Diblasi v. City of Seattle, 933 P.2d 443 (Wash. Ct. App. 1997).
The plaintiff owned property adjacent to a roadway constructed by the defendant city. The roadway was graded and paved so as to have an impermeable surface. Runoff from various storms eventually caused the plaintiff's land to slump and then collapse. The plaintiff then sued the city, alleging that the grading and paving of the roadway actedto collect and discharge water artificially onto her land. The trial court granted summary judgment in favor of the plaintiff, and the city appealed.

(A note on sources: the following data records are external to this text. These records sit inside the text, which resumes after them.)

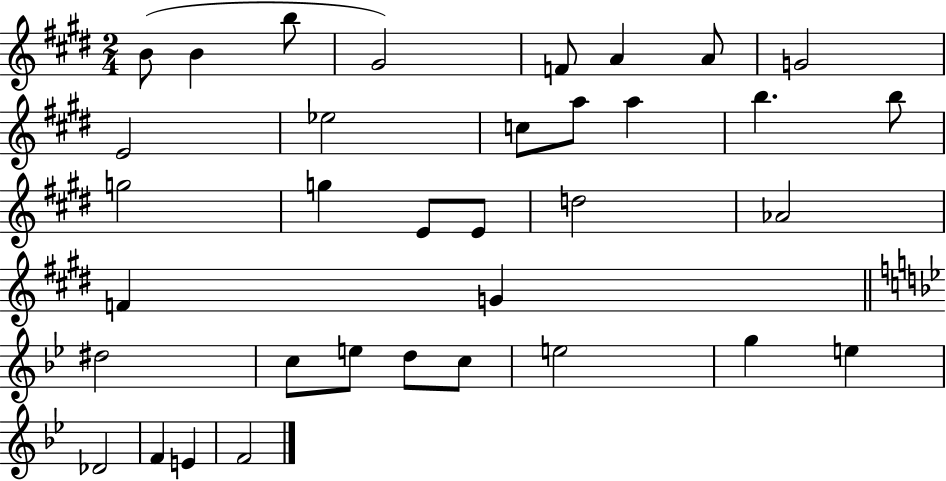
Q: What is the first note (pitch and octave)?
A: B4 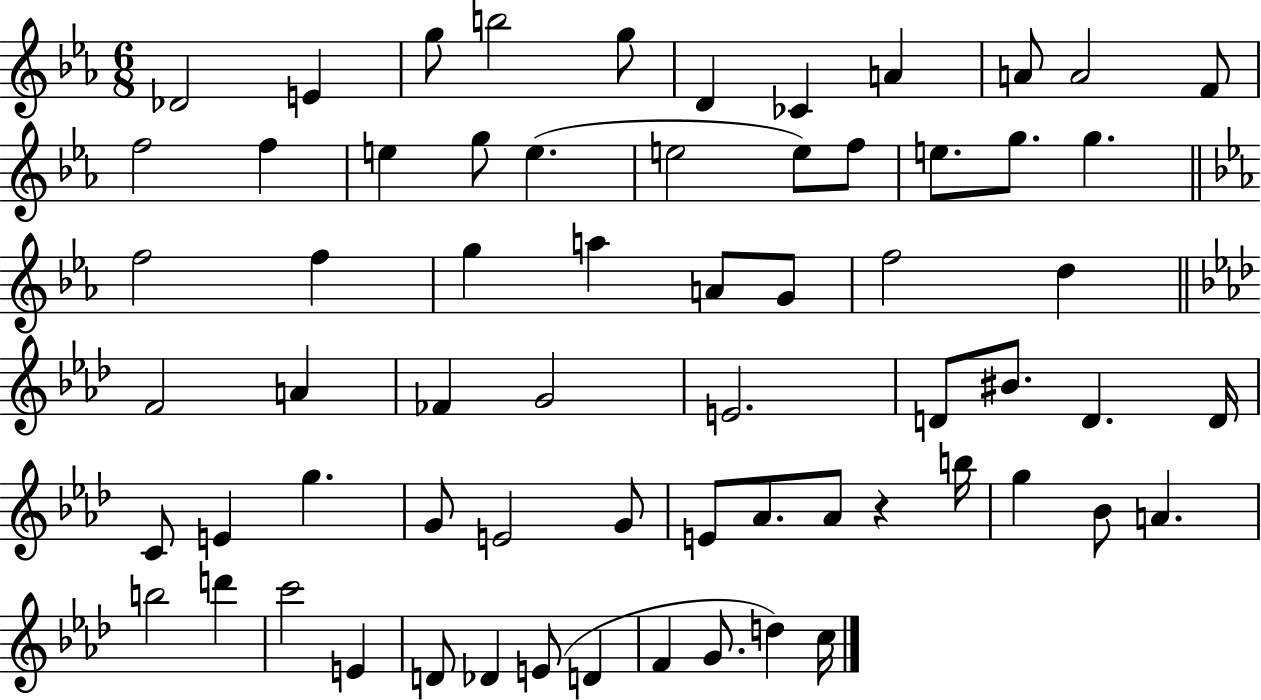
X:1
T:Untitled
M:6/8
L:1/4
K:Eb
_D2 E g/2 b2 g/2 D _C A A/2 A2 F/2 f2 f e g/2 e e2 e/2 f/2 e/2 g/2 g f2 f g a A/2 G/2 f2 d F2 A _F G2 E2 D/2 ^B/2 D D/4 C/2 E g G/2 E2 G/2 E/2 _A/2 _A/2 z b/4 g _B/2 A b2 d' c'2 E D/2 _D E/2 D F G/2 d c/4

The Washington Court of Appeals reversed and remanded with instructions to the trial court to enter summary judgment in favor of the defendant city, holding that, under the "common enemy" rule, all landowners can defend themselves against surface water, even to the detriment of neighbors. Relying on Wood v. Tacoma, 119 P. 859 (Wash. 1911), where it was held that a city cannot be held liable for damage to private property caused by the initial grading or improvement of its streets and alleys, the court found that, even though the construction of a road changes the character of the surface, and may change the course of surface waters, it does not constitute an artificial collection and discharge of water. Moreover, even the location of the road in question could not form the basis of liability for the city because the road was built entirely within the easement dedicated for that purpose.
Comment 1: The case is unusual because most modern decisions have moved away from the strict "common enemy" theory to some other theory that gives the court more discretion to balance the reasonableness of the defendant's conduct against the injury to the neighboring properties, particularly when the conduct consists of gathering and channeling water runoff. Although the city was a defendant here, the court's analysis appears to pertain to both public and private defendants, and thus is an important development (or non development) in Washington.

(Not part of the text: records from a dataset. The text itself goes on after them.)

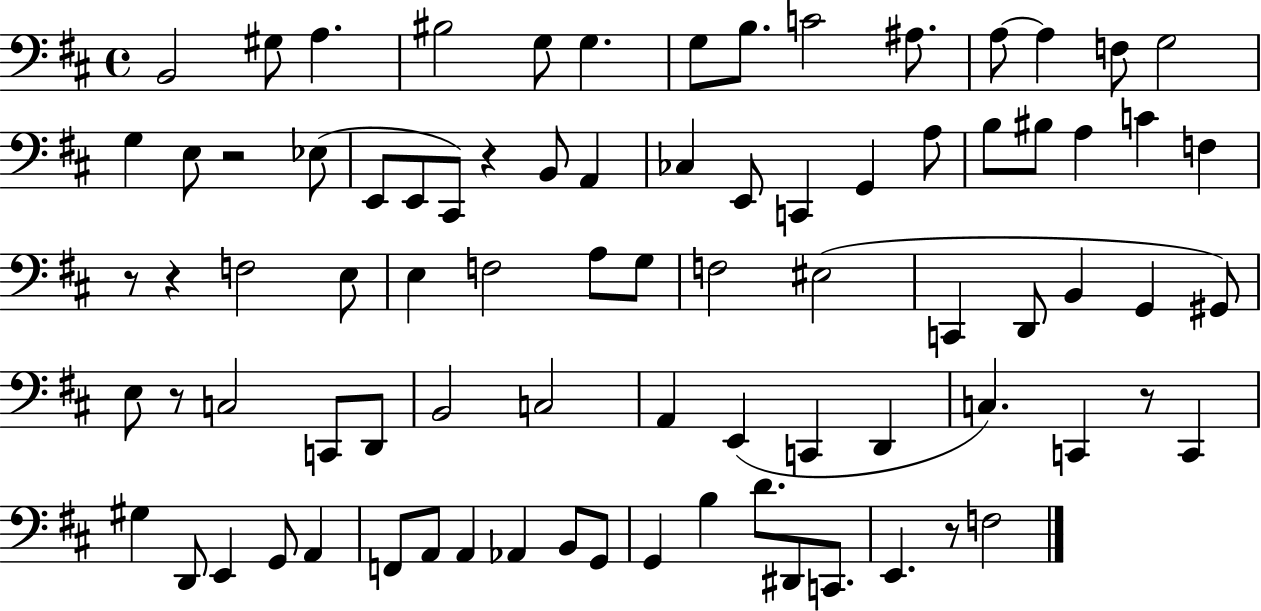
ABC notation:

X:1
T:Untitled
M:4/4
L:1/4
K:D
B,,2 ^G,/2 A, ^B,2 G,/2 G, G,/2 B,/2 C2 ^A,/2 A,/2 A, F,/2 G,2 G, E,/2 z2 _E,/2 E,,/2 E,,/2 ^C,,/2 z B,,/2 A,, _C, E,,/2 C,, G,, A,/2 B,/2 ^B,/2 A, C F, z/2 z F,2 E,/2 E, F,2 A,/2 G,/2 F,2 ^E,2 C,, D,,/2 B,, G,, ^G,,/2 E,/2 z/2 C,2 C,,/2 D,,/2 B,,2 C,2 A,, E,, C,, D,, C, C,, z/2 C,, ^G, D,,/2 E,, G,,/2 A,, F,,/2 A,,/2 A,, _A,, B,,/2 G,,/2 G,, B, D/2 ^D,,/2 C,,/2 E,, z/2 F,2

Comment 2: Unlike the modern trend of decisions, the editor favors the preservation of the common enemy doctrine as to situations in which public land use authorities have not independently "balanced the equities" and established a predictable set of rules for dealing with water runoff. The currently trendy "reasonable use" doctrine is an anti-development doctrine in that it exposes every developer to potential liability which may not come to roost until much later, when neighboring properties discover that their intended uses may be in conflict with water runoff from the developed parcel. To argue that the neighbor "moved to the nuisance" or that the water discharger should have priority as a first user are a useful, but not dependable defenses in such cases.
Water is naturally occurring, and not really anyone's "fault." In fact, when one discharges water from one's land, it may not even be water that "belongs" to that land. Identifying the real cause of heavy water runoff is always an uncertain science, since development in the general area will cause increased water on a given parcel, and it may be this increase that leads to the greatest difficulty for downstream neighbors.

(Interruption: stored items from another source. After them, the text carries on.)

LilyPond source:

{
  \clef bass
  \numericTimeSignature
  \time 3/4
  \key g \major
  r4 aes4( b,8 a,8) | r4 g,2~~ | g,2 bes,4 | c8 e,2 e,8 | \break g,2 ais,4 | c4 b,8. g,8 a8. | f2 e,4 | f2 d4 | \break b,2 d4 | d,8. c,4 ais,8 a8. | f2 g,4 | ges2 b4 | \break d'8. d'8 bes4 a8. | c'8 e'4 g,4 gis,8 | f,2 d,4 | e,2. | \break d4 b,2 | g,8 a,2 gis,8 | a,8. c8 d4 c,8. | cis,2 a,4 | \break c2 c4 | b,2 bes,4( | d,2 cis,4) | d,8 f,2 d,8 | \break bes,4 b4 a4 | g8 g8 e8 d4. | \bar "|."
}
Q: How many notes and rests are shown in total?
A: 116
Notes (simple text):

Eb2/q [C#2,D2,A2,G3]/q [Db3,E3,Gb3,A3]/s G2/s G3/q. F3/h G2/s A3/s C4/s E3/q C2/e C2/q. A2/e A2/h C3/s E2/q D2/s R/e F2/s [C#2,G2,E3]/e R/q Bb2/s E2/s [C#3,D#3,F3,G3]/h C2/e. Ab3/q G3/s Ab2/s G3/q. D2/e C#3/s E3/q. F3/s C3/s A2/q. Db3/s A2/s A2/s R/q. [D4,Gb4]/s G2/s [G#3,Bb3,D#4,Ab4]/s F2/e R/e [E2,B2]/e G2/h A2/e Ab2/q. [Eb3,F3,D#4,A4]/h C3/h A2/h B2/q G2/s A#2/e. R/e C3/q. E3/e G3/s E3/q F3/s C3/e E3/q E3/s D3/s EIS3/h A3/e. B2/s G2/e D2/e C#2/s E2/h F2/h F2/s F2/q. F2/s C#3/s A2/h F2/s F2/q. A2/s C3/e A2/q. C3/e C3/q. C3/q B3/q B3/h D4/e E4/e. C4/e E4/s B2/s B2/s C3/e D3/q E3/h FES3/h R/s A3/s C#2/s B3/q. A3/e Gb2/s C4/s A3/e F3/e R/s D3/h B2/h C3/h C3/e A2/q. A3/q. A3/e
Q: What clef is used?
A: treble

The editor believes that land use authorities play a definite role in this analysis, since they can take into account regional needs and can develop a neutral (or at least broad based) model of acceptable water runoff policies. Courts and trials are ill equipped to resolve these issues, which fundamentally involve broad public policy issues, and not really the question of whether one party has been unreasonable toward another.